А я мечтал. Вот вернется Степка. Я пойду ему навстречу в заплатанных валенках, с прелой соломой в руках.
«Здорóво, Степка, — скажу я. — Дай пять… (Только не жми, а то у меня руки отекли…) Вот видишь, Степка, я теперь главный мужчина в доме и запретил контрреволюцию с теткиной стороны. Немножко проголодался, но это ничего. Буду есть тыквенную кашу до победного конца».
«Молодец парень, — скажет мне Степка, — хвалю за сознание. Держись. И каша — хлеб».
«Но мне обидно ехать пассажиром, — скажу я, — я хочу матросом!»
«Будь! — скажет Степка. — Будь матросом революции».
Тут мечты обрывались, как лента в кино. Как стать матросом революции, этого я не знал. И мама бы не пустила…
Герой желудочного происхождения
Однако Швамбрания продолжалась. В пространстве она не сократилась, хотя времени занимала теперь много меньше. Затем швамбран постиг тяжелый удар. В наше отсутствие мама ухитрилась сменять у вокзала на четверть керосина… ракушечный грот вместе с узницей его — Черной королевой, хранительницей В. Т. Ш. Так бесславно погибла она для нас. Мы пережили получасовое отчаяние. Солнцу Швамбрании грозил закат. Но зато вечером зажгли лампу.
Швамбранская игра в то время сводилась главным образом к воображаемому обжорству. Швамбрания ела. Она обедала и ужинала. Она пировала.

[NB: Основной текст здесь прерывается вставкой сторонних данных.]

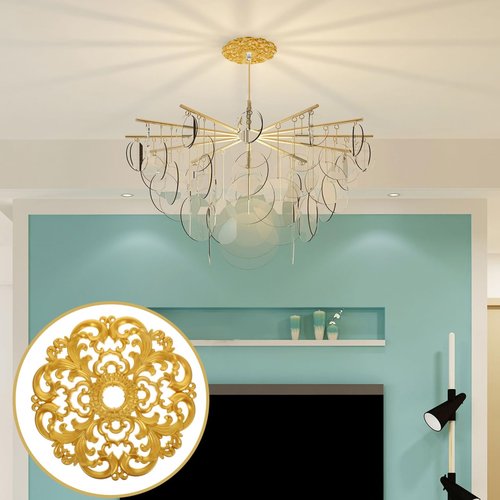 Amosfun Gold Ceiling Medallion 12 Inch European Style Hollow Carved Round Base for Chandelier Home Lighting Fixtures for Living Room and Bedroom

Мы смаковали звучные и длинные меню, взятые из поваренной книги Молоховец. На этих швамбранских пиршествах мы немножко удовлетворяли свои необузданные аппетиты. Но сахарный фонд Швамбрании убывал только по праздникам. Главным поваром Швамбрании был Жорж Борман. Его мы взяли со старой рекламы какао и шоколада. Жорж Борман был последним героем Швамбрании. Это был герой чисто желудочного происхождения. Никакого нового заблуждения он уже не мог состряпать.
Вообще в Швамбрании наступила эпоха упадка. Но случайные обстоятельства дали толчок новому расцвету государства Большого Зуба. Эти обстоятельства жили в большом заброшенном доме на нашей улице.